WORK TO COMPLETE:
Return the records exactly as they stand, and keep the pictures out of the copy.

** Opening SUPPLIED MATERIAL block **

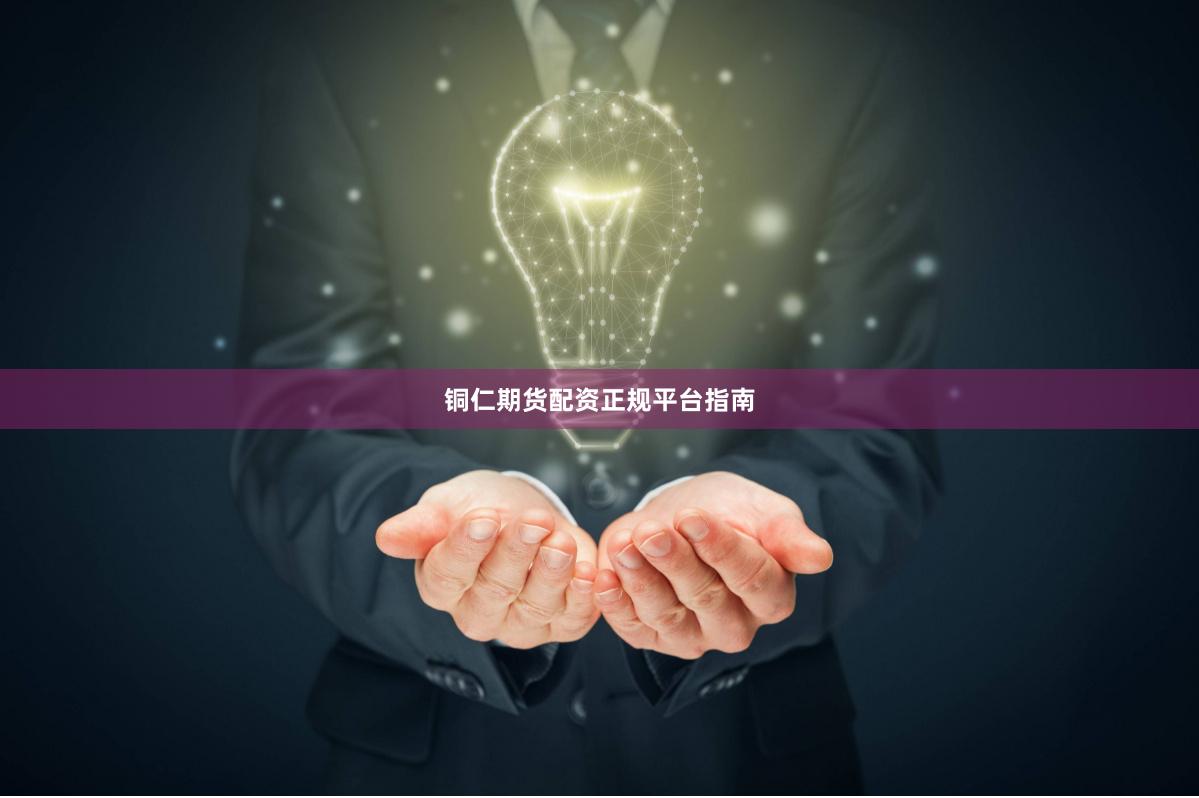 铜仁期货配资正规平台指南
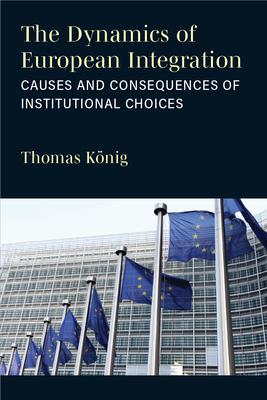 The Dynamics of European Integration: Causes and Consequences of Institutional Choices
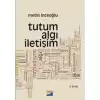 Tutum Algı İletişim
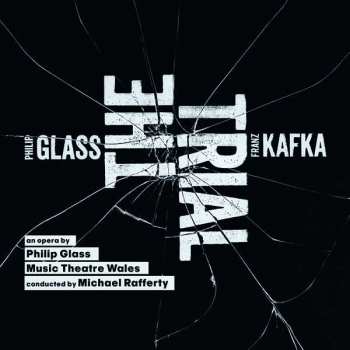 Album Philip Glass: The Trial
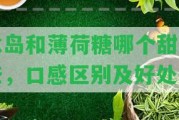 冰島和薄荷糖哪個甜部分，口感區(qū)別及好處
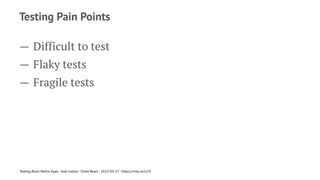 Testing Pain Points
— Difficult to test
— Flaky tests
— Fragile tests
Testing React Native Apps - Josh Justice - Chain React - 2023-05-17 - https://rnte.st/cr23
 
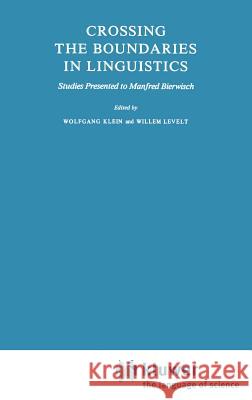Crossing the Boundaries in Linguistics: Studies Presented to Manfred Bierwisch Klein, Willemijn M. 9789027712592 Springer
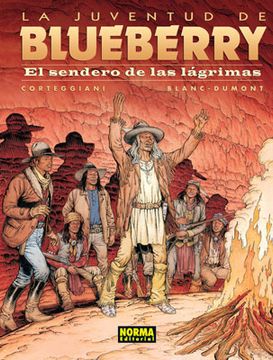 portada BLUEBERRY 50. EL SENDERO DE LAS LÁGRIMAS (in Spanish)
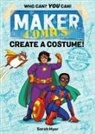 Sarah Myer - Maker Comics: Create a Costume!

** Closing SUPPLIED MATERIAL block **

WRITTEN SOLUTION:
 铜仁期货配资正规平台指南
 The Dynamics of European Integration: Causes and Consequences of Institutional Choices
 Tutum Algı İletişim
 Album Philip Glass: The Trial
 冰島和薄荷糖哪個甜部分，口感區(qū)別及好處
 Testing Pain Points
— Difficult to test
— Flaky tests
— Fragile tests
Testing React Native Apps - Josh Justice - Chain React - 2023-05-17 - https://rnte.st/cr23
 
Crossing the Boundaries in Linguistics: Studies Presented to Manfred Bierwisch Klein, Willemijn M. 9789027712592 Springer
 portada BLUEBERRY 50. EL SENDERO DE LAS LÁGRIMAS (in Spanish)
 Sarah Myer - Maker Comics: Create a Costume!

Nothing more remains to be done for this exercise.